Federal Reserve Chairman Jerome Powell testifies to Congress in 2018. Photo courtesy of the Federal Reserve

The Federal Reserve said Monday it will support the government’s $349 billion small business lending program, which had a rocky start Friday.

The Fed said that it will buy loans that banks make to small businesses as part of the Payroll Protection Program, or PPP, which is being carried out by banks and the Small Business Administration and was set up under the $2.2 trillion economic relief package.

The loans can be forgiven if they are spent on payroll, to encourage firms to keep paying their employees or rehire workers they may have recently laid off.

By purchasing the loans, the Fed would create an incentive for the banks to engage in more lending. The low interest rates the SBA chose to enforce on the PPP loans – as low as 1 percent – left some lenders afraid they would not be able to sell them on the secondary market, leaving them will significant capital tied up.
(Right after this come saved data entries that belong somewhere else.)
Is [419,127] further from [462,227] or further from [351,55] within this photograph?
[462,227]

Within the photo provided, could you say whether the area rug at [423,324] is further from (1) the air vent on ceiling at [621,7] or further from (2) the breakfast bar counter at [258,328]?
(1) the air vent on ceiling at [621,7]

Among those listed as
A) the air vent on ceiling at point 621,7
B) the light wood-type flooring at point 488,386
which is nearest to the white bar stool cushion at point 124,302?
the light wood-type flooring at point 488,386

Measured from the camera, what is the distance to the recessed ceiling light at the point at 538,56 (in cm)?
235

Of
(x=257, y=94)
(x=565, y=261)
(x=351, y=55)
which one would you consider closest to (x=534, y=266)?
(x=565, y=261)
Buying the loans should free up more cash for banks to lend. Otherwise, when banks make a loan, they are typically required to hold some cash in reserve in the case of default.

The Fed’s two-sentence announcement said further details will be provided this week.

Move Could Help Small Banks

Joseph Brusuelas, chief economist at RSM, an advisory firm that works with medium-sized companies, said the Fed’s move is intended to encourage more banks to participate because many are reluctant to lend to small companies.

“This should help … reverse risk aversion among potential lenders to provide bridge financing for small firms that otherwise would likely not survive the first phase of the crisis,” Brusuelas said.

The Independent Community Bankers of America, in a letter Saturday, urged Treasury Secretary Steven Mnuchin to work with the Fed to set up a purchase program for the small business loans. By taking loans off bank balance sheets, they argued that it would make it easier for smaller banks to participate.

“This program should not be limited by the balance sheet capacity of participating lenders,” Rebecca Romero Rainey, CEO of the ICBA, said in the letter.

It could potentially help some larger banks as well. Wells Fargo said it did $10 billion in loan applications over the weekend, the maximum the bank was allowed to do. Because of the bank’s prior scandals, Wells Fargo is under restraints from the Federal Reserve on how many loans it can hold on its books.

Many smaller banks have complained that they have had trouble accessing the lending program, according to the ICBA.

But Mnuchin told the governors that the “SBA program (is) up and running. Very successful.”